> [Task instructions]
Begin the copy at the line containing "THRILLS Los stingers" in the data below and end it at the line containing "Bassano del Grappa, Italy", keeping each line exact and leaving out pictures.

========

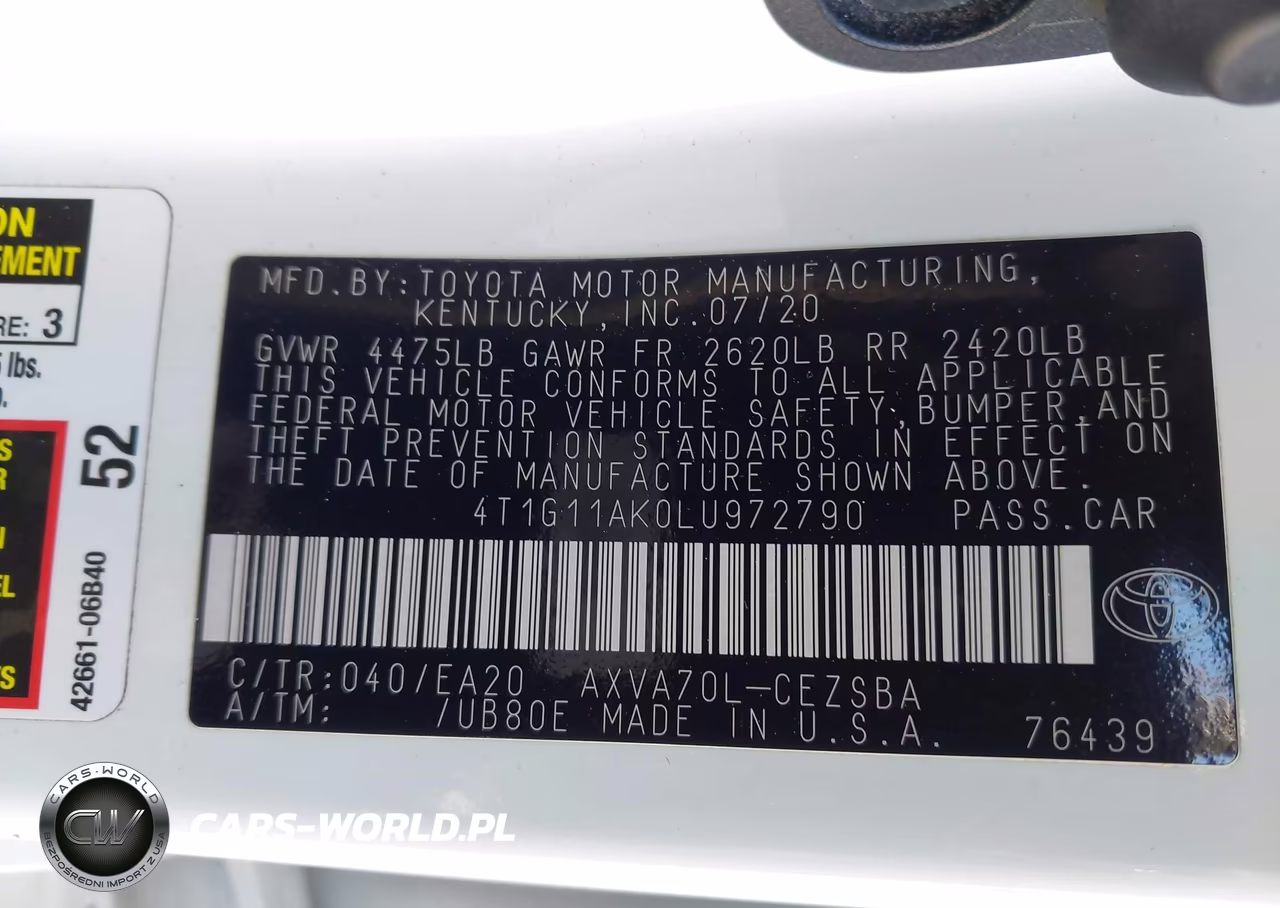2020 Toyota Camry Se VIN:4T1G11AK0LU972790 - 9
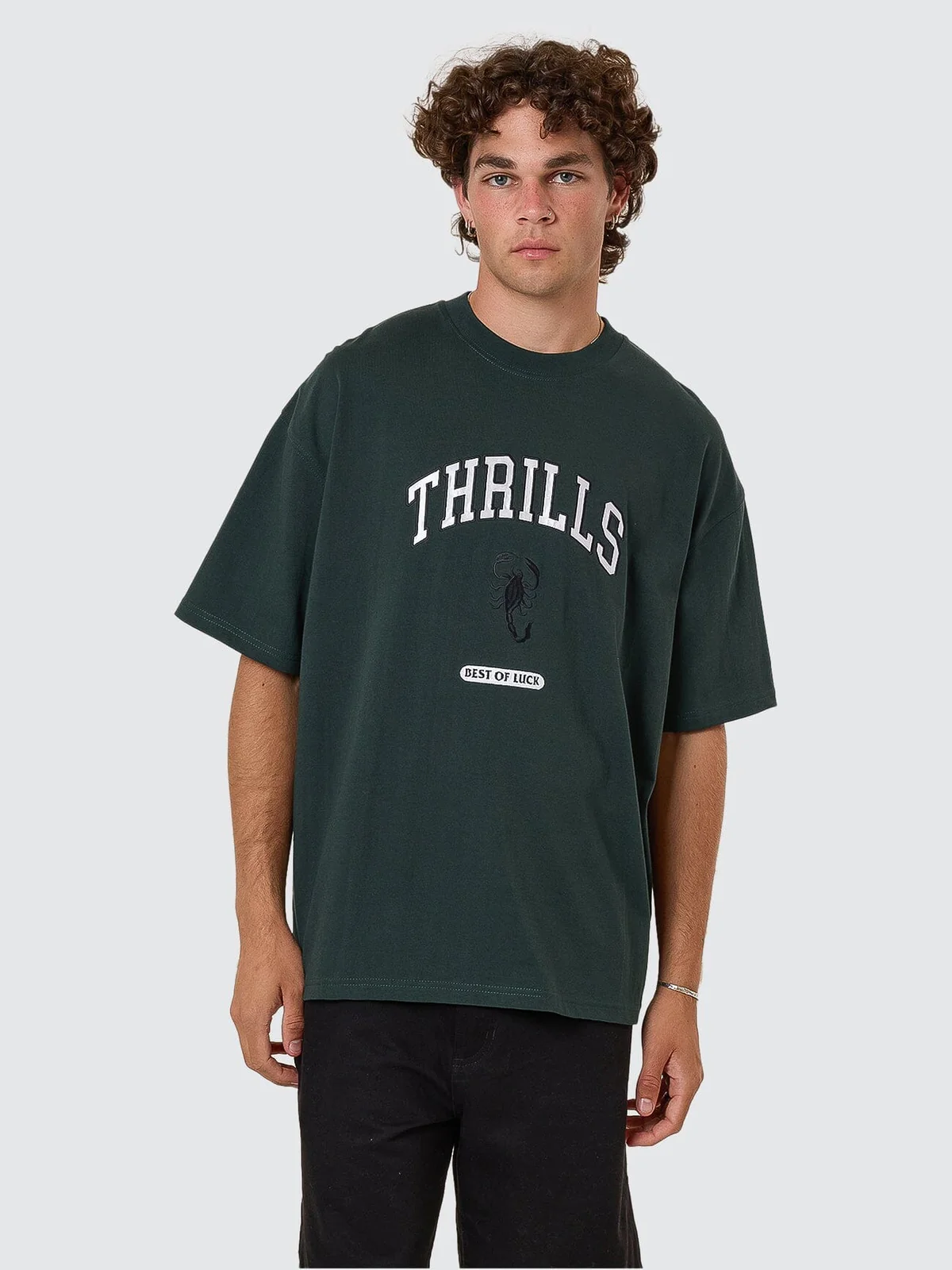 THRILLS Los stingers box fit oversize tee - Vista green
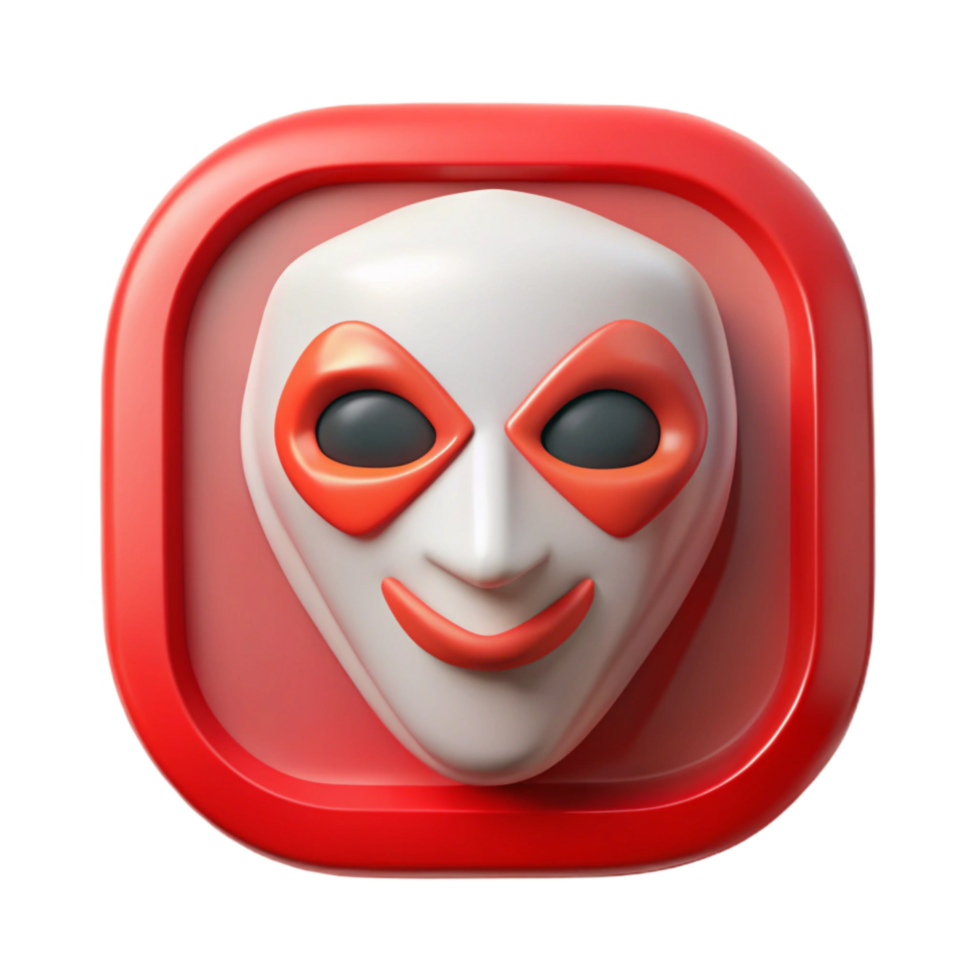 impressive abstract Digital Mask Icon Cutout with Red Border genuine png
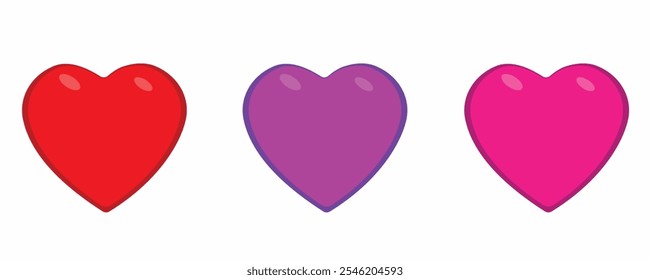 Broken heart vector glossy web icons isolated on white background. Abstract flat illustration of broken hearts, 
unhappy love concept.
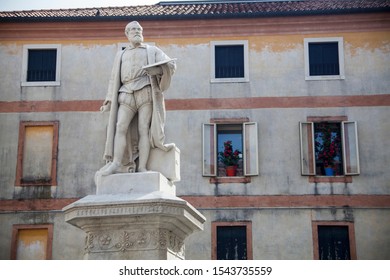 Bassano del Grappa, Italy - October 12, 2019: The statue of Jacopo da Ponte
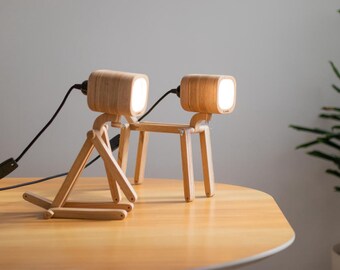 Handmade Wooden Desk Lamp, Book Lover Library Decor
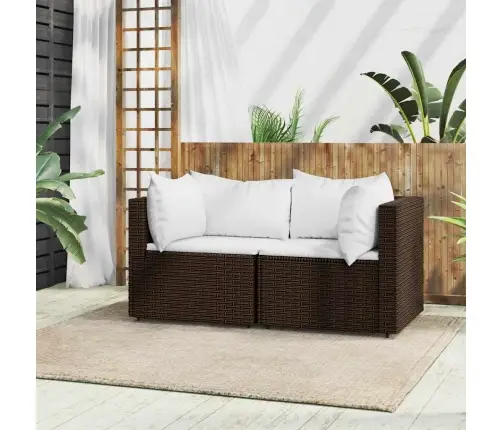 Dārza Stūra Dīvāni Ar Spilveniem, 2 Gab., Brūna Pe Rotangpalma Vidaxl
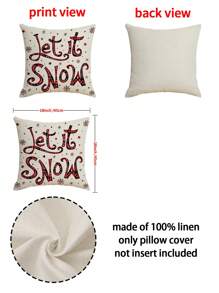 4pcs Christmas Red Letter & Snowflake Printed Linen Decorative Pillow Covers For Living Room And Bedroom - Red - View 5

========

> [Answer area]
 THRILLS Los stingers box fit oversize tee - Vista green
 impressive abstract Digital Mask Icon Cutout with Red Border genuine png
 Broken heart vector glossy web icons isolated on white background. Abstract flat illustration of broken hearts, 
unhappy love concept.
 Bassano del Grappa, Italy - October 12, 2019: The statue of Jacopo da Ponte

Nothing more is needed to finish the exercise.